Step 3: Pour this amazing sauce mixture right over the chicken. Then scatter the pineapple chunks, bell pepper pieces, and onion over the top. Cover and cook on Low for 4½ hours or High for 2 hours.
Step 4: Remove the chicken and vegetables to a bowl using a slotted spoon. Transfer all that delicious cooking liquid to a medium saucepan. Bring it to a boil over medium-high heat.
Step 5: Cook the sauce, stirring occasionally, until it reduces to about 1 cup. This takes about 10 minutes and makes the flavors so much more concentrated!
Step 6: Coarsely shred the chicken using two forks. Place the chicken and vegetables in a serving bowl. Add the reduced sauce and stir to combine. Garnish with sliced scallions if you want that extra pop of color!

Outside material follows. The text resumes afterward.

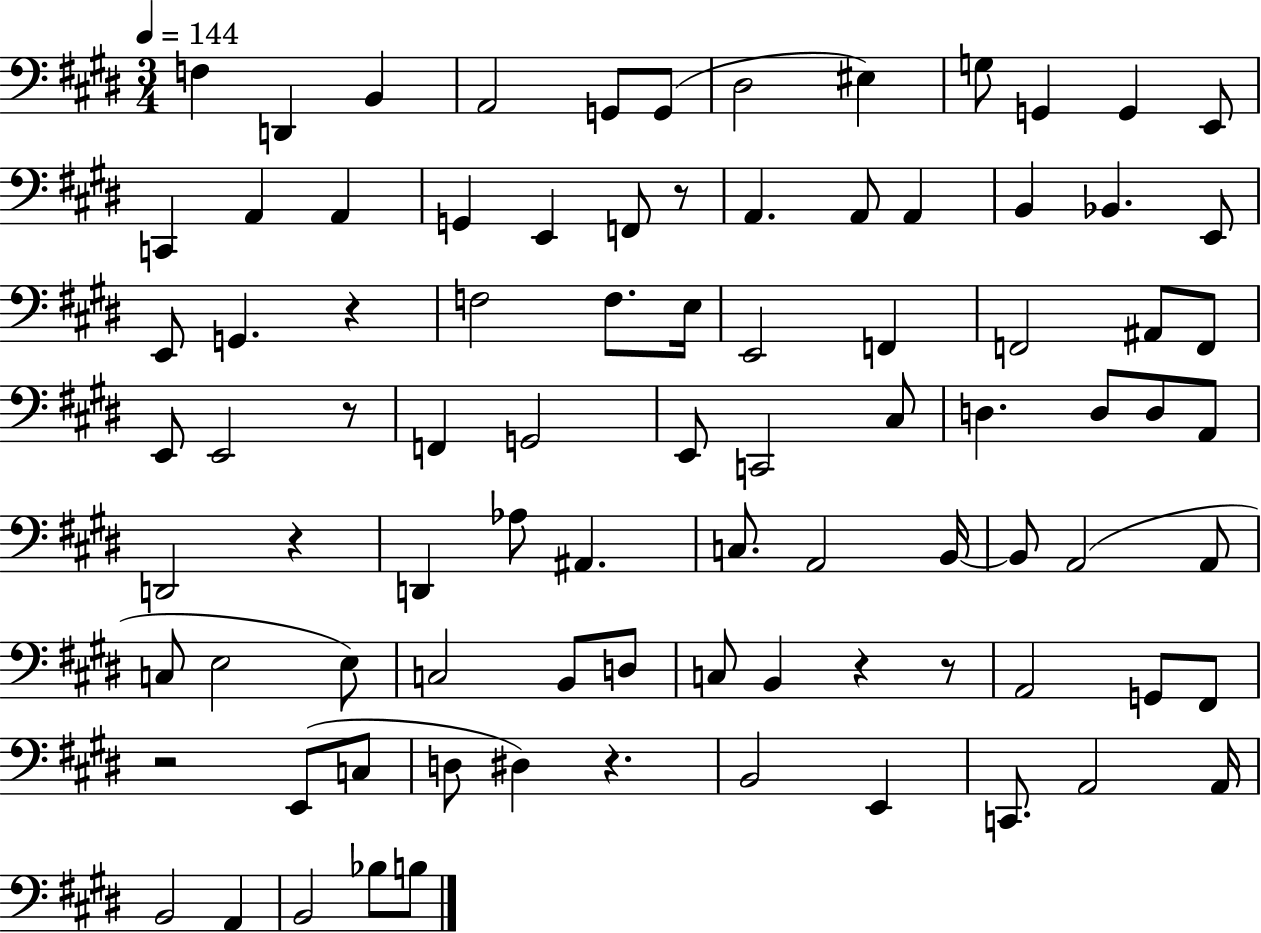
F3/q D2/q B2/q A2/h G2/e G2/e D#3/h EIS3/q G3/e G2/q G2/q E2/e C2/q A2/q A2/q G2/q E2/q F2/e R/e A2/q. A2/e A2/q B2/q Bb2/q. E2/e E2/e G2/q. R/q F3/h F3/e. E3/s E2/h F2/q F2/h A#2/e F2/e E2/e E2/h R/e F2/q G2/h E2/e C2/h C#3/e D3/q. D3/e D3/e A2/e D2/h R/q D2/q Ab3/e A#2/q. C3/e. A2/h B2/s B2/e A2/h A2/e C3/e E3/h E3/e C3/h B2/e D3/e C3/e B2/q R/q R/e A2/h G2/e F#2/e R/h E2/e C3/e D3/e D#3/q R/q. B2/h E2/q C2/e. A2/h A2/s B2/h A2/q B2/h Bb3/e B3/e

Easy and Quick Crock-Pot Pineapple Chicken Version
Want to make this even simpler? You can skip the sauce reduction step entirely! Just shred the chicken right in the slow cooker and mix everything together. It won’t be quite as thick, but it’s still absolutely delicious and saves you 15 minutes of work.
Serving Ideas
This makes a complete meal that everyone will love! Serve it over fluffy brown rice or steamed jasmine rice to soak up all that incredible sauce. You can also try it with quinoa or cauliflower rice for a lighter option.
Storage
Store leftovers in the fridge for up to 4 days in an airtight container. To reheat, just pop it in the microwave for 1-2 minutes or warm it gently on the stove over medium heat. It tastes just as good the next day!
Substitutions
No chicken thighs? Chicken breasts work too, but reduce the cooking time to 3-4 hours on low. You can swap the fresh pineapple for canned chunks – just drain them first. If you don’t have fresh ginger, use 1 teaspoon of ground ginger instead.
Pro Tips
- Don’t skip the sauce reduction: Those extra 10 minutes make the sauce so much richer and more flavorful!
- Cut vegetables evenly: 1-inch pieces ensure everything cooks at the same rate and looks beautiful.
- Use kitchen shears: They make shredding the tender chicken so much easier than forks.
- Taste and adjust: Add a pinch more crushed red pepper or a squeeze of lime juice to make it your own!
FAQs
Can I use chicken breasts instead of thighs?
You bet! Chicken breasts work perfectly fine, but they cook a bit faster. Reduce your cooking time to 3-4 hours on low or 1.5-2 hours on high. Just keep an eye on them so they don’t get dry.
Can I make this ahead of time?
Sure! You can prep all the ingredients the night before and store them in the fridge. In the morning, just dump everything in the slow cooker and you’re good to go. It’s perfect for busy weekdays!
Is this recipe spicy?
Not really! The ½ teaspoon of crushed red pepper gives it just a tiny kick, but it’s very mild. Kids usually love it just as it is, but you can always leave out the red pepper if you’re worried about heat.
Can I freeze the leftovers?
Absolutely! This freezes beautifully for up to 3 months. Just thaw it overnight in the fridge and reheat gently on the stove or in the microwave. The flavors actually get even better after freezing!
I hope your family loves this tropical twist on dinner as much as mine does! Let me know how it turns out for you – I always love hearing about your cooking adventures. Happy cooking, friend!